Alum, Adeptus Health chair, rings NYSE bell
On Wednesday, June 25, 2014, Stetson alumnus Rick Covert ’90 (sixth from left), and other members of the management team of Adeptus Health, including President and CEO Thomas S. Hall, rang the opening bell at the New York Stock Exchange to celebrate the company’s completion of its initial public offering and first day of trading. To view the video, click Adeptus Health opens NYSE June 25.
Covert, current chair of the board, along with his business partner founded Adeptus Health, based in Lewisville, TX, in 2002. “Our primary business is a company called First Choice Emergency Room, but we adopted Adeptus within the last year as we have branched into other businesses in addition to emergency rooms,” said Covert.
With a Stetson major in finance, and a minor in history, Covert ran the company as CEO through 2012. “We achieved awards as one of the Top 100 Fastest Growing Businesses in North Texas for seven straight years as awarded by the Southern Methodist University Cox School of Business and Dallas Business Journal and also made the Inc. 500/5000 list for several years,” he said.
“In 2011, when we had 14 locations, I brought on a private equity partner, Sterling Partners, to help us grow even faster,” Covert said. “In 2012, I hired Tom Hall as CEO and “retired” to Chairman at 44 years old.”

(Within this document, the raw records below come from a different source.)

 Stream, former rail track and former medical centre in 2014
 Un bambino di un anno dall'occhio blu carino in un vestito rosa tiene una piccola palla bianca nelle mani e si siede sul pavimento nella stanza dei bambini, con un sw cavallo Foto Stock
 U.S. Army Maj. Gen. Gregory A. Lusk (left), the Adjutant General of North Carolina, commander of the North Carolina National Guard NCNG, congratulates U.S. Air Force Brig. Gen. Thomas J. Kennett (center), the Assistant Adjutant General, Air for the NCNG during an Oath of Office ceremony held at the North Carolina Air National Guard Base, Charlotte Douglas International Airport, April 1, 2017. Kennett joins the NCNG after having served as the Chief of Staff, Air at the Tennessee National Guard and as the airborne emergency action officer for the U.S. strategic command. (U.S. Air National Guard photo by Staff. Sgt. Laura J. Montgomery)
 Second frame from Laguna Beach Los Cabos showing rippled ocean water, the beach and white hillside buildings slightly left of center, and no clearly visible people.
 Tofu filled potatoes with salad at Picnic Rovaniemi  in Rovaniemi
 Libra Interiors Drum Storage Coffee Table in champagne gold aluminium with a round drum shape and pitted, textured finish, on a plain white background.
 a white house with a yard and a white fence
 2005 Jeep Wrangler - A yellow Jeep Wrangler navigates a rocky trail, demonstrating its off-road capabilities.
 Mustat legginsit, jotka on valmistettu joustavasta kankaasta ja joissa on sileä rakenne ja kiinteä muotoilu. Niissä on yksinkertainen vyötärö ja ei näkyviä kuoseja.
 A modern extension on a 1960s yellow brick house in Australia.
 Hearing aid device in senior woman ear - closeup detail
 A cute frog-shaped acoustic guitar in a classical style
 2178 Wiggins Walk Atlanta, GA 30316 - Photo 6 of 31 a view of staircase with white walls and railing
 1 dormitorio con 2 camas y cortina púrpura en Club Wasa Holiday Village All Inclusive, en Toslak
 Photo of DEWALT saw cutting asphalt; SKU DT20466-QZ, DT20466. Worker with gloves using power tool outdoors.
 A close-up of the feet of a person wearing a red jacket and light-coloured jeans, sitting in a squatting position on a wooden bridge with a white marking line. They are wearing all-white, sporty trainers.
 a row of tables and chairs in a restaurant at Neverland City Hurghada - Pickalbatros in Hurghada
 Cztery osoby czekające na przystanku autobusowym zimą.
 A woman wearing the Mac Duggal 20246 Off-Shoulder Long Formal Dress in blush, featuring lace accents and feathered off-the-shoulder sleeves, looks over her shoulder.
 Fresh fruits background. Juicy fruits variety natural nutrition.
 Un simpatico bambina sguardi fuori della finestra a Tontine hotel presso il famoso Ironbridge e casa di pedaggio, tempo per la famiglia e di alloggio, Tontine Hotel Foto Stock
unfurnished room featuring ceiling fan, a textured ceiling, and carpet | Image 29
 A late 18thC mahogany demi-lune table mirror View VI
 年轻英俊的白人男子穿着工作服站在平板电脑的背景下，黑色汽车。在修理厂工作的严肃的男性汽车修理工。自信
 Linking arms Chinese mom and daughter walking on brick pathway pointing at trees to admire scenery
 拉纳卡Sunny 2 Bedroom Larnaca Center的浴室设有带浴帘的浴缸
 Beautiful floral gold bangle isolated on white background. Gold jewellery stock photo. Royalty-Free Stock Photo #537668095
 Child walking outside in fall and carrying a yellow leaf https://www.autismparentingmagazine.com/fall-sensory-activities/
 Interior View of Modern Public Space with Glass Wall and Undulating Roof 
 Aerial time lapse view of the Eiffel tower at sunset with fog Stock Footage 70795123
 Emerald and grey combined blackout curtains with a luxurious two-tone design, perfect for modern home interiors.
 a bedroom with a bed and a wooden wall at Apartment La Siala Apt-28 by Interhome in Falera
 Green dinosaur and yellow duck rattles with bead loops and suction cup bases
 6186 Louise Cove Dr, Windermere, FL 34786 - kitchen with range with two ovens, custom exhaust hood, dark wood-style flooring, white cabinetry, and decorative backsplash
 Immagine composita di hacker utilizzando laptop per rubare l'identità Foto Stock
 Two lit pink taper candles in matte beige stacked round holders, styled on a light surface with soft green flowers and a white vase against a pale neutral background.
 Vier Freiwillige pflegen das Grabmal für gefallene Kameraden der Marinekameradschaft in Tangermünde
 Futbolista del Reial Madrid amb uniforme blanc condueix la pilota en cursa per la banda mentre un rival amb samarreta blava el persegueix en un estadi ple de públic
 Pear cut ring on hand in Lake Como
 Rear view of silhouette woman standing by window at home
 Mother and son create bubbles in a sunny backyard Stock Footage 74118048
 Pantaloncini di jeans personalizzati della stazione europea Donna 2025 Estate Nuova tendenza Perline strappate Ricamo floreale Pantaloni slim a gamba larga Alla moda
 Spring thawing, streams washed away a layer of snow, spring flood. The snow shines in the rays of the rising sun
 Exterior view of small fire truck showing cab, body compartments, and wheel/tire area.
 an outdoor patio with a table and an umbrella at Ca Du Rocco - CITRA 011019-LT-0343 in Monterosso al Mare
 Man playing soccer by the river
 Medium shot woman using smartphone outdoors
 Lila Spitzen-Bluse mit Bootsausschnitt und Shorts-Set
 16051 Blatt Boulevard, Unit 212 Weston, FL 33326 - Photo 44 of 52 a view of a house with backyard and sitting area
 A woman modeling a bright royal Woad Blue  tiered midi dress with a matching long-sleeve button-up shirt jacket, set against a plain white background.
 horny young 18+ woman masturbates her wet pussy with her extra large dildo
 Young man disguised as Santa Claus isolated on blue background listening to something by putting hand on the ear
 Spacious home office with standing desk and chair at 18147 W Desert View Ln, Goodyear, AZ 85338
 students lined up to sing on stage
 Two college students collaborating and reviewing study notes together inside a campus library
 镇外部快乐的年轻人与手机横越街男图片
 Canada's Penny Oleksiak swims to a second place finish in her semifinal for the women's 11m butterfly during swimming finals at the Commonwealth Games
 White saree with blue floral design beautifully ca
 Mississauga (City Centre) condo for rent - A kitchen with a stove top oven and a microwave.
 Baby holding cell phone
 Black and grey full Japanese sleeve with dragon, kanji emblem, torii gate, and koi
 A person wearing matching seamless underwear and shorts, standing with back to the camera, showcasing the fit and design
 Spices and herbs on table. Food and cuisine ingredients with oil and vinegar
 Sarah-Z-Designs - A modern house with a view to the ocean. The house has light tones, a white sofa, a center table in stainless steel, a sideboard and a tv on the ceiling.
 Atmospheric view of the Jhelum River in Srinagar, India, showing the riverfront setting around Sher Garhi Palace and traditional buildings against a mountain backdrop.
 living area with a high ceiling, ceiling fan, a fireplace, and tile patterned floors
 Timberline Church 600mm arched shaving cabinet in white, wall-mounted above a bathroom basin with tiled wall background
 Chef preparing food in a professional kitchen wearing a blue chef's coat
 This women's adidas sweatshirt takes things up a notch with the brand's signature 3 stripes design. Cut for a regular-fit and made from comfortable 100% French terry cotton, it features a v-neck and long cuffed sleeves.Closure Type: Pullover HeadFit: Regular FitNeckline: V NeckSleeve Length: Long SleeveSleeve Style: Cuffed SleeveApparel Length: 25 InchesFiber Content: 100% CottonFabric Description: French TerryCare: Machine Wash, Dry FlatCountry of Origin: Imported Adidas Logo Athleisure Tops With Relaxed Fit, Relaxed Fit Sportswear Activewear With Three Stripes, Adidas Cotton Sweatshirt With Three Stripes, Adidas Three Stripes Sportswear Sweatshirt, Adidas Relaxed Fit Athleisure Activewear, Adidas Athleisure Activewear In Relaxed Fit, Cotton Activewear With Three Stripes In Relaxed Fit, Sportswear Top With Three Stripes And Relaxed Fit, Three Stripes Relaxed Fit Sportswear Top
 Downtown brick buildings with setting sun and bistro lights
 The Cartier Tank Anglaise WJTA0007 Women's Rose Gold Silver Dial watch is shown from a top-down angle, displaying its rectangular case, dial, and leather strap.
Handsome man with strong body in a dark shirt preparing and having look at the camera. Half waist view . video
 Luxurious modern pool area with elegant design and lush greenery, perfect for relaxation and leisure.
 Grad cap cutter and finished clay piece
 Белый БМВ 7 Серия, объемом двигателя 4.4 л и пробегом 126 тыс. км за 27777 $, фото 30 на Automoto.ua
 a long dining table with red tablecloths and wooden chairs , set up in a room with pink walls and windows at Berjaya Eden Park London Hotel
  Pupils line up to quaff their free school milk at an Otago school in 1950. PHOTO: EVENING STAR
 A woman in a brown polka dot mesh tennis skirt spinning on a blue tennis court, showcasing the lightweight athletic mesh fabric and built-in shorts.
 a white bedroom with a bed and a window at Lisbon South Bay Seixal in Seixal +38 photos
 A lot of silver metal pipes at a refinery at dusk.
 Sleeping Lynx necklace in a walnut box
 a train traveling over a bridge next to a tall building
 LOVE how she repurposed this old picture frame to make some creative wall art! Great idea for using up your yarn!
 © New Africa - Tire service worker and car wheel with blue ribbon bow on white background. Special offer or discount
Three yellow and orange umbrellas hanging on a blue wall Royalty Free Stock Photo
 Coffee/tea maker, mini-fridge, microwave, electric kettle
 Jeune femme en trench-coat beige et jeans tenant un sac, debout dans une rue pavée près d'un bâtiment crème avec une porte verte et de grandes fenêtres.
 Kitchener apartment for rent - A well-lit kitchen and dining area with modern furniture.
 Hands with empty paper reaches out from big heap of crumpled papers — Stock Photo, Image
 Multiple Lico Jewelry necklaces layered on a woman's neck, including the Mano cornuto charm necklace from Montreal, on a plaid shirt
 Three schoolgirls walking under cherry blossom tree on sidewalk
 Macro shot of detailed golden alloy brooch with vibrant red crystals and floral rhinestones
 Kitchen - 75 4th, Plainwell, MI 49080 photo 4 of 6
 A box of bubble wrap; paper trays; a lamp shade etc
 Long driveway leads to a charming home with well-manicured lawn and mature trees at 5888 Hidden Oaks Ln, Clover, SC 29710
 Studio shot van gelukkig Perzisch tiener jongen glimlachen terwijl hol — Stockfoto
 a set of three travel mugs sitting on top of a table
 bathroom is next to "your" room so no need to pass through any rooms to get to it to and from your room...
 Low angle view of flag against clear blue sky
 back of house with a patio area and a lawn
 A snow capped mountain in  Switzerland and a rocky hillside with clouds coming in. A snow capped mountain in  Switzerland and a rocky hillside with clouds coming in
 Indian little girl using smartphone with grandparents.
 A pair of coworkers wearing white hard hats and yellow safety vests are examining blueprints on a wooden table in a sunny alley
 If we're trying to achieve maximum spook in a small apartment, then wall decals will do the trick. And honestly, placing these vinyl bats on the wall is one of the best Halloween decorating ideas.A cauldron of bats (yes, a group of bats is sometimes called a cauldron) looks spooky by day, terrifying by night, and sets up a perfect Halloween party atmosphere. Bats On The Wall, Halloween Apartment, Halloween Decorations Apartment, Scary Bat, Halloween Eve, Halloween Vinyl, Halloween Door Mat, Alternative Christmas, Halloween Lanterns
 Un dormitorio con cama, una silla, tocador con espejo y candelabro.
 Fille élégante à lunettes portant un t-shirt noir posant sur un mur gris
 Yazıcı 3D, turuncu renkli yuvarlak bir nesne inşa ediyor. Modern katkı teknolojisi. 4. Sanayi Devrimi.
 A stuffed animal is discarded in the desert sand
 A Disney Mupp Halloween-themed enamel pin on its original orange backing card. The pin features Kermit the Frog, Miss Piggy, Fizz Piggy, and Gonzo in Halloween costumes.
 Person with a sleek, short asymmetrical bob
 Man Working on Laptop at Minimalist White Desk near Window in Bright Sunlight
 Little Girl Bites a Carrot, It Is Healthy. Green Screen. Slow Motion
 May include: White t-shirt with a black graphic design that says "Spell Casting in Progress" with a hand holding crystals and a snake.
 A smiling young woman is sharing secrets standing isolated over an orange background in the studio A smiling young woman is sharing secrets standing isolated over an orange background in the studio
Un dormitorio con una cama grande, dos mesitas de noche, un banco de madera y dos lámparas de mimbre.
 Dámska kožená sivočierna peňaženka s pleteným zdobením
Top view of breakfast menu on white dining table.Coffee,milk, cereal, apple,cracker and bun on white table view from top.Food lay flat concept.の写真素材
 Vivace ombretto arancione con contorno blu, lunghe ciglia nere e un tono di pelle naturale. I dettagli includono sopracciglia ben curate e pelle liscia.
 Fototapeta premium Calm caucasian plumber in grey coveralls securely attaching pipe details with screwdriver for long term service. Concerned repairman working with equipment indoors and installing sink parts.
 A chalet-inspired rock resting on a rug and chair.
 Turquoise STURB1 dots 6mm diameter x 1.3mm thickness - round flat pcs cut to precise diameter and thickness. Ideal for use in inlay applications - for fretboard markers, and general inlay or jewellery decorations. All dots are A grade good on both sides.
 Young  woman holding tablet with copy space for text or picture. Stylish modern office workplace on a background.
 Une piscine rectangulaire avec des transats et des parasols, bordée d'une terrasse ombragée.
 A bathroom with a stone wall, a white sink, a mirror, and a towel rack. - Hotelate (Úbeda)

Originally from Michigan, Covert met his wife-to-be in Stetson’s MBA program. Now, married for more than 20 years, he and Allison reside in the Dallas, TX area with their three children. One will start at Tulane University in the fall; one is 16 and considering Stetson for her school in the fall of 2015; and the youngest is 10.
“There are several ‘truths’ that I probably didn’t appreciate in college or I have learned since then,” said Covert.
1) The management of almost every business involves 80 percent of the same things. Managing people, resources, planning, marketing, etc., are all necessary and the only thing that differs are those things specific to your particular service or product. So, pay attention in marketing class!
2) The challenges and your success hinge on the same things; who you surround yourself with, how you treat them, and are you someone they will follow?
3) Over 90 percent of successful start-ups are not following their original business plan. It is rare that the original vision doesn’t change at least slightly once it encounters the real world. Be comfortable with critique.
4) Involve your employees in your business and your business success. Share the money!
5) Always look for an unfair advantage. It is the best way to win.”